--- Data records ---

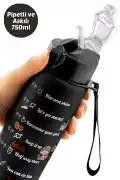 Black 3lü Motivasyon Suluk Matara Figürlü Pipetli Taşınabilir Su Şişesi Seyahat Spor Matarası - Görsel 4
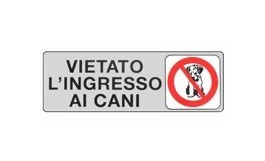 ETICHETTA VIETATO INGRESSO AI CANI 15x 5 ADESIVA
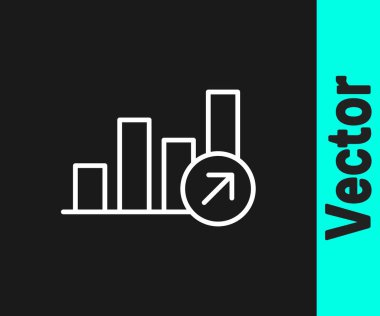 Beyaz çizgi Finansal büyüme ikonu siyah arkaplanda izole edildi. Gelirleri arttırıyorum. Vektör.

---
--- Data records ---

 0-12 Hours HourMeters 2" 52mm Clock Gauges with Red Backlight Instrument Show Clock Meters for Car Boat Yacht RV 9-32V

---

**Task instructions:**
Find the line with "Black 3lü Motivasyon" and the line with "Beyaz çizgi Finansal" in the records above. Copy both and all lines between them exactly, without pictures.

**Answer for the task:**
 Black 3lü Motivasyon Suluk Matara Figürlü Pipetli Taşınabilir Su Şişesi Seyahat Spor Matarası - Görsel 4
 ETICHETTA VIETATO INGRESSO AI CANI 15x 5 ADESIVA
 Beyaz çizgi Finansal büyüme ikonu siyah arkaplanda izole edildi. Gelirleri arttırıyorum. Vektör.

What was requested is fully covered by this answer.